Clarksville housing market ?primed for building boom? – Nashville Business Journal, Nashville, TN, USA
City’s home sales increase, values hold steady despite national housing crunch
Friday, August 21, 2009
Nashville Business Journal – by Jenny Burns Staff Writer
Five years ago, home builder John Rochford bought some land near a potential industrial site.
He was planning to build a residential community, but what he didn’t know was that site next door would become the home of a $1 billion plant for Hemlock Semiconductor Group, a solar panel supplier making a lot of waves as it sets up shop in Clarksville.
Rochford’s investment proved to be on the mark. And now others are looking to dive in ? including the big players.
“We are primed for a big boom. Everyone thinks (Hemlock’s) going to be a major impact that we can’t even comprehend yet,” says Clarksville real estate agent Eddie Ferrell, with Crye-Leike Realtors’ Sango office.

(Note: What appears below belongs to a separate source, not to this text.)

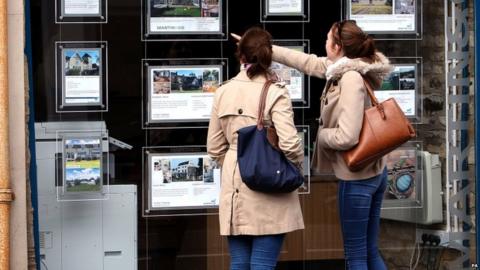 Women look in estate agent window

Ferrell says he’s recently hosted two national home builders who are looking for property in Clarksville.
The town of 115,000 about 45 miles northwest of Nashville has seen a lot of new construction in recent years by local builders. But none of the national publicly traded builders have moved in. Ferrell, who wouldn’t name the inquiring builders, says change is coming to Clarksville real estate.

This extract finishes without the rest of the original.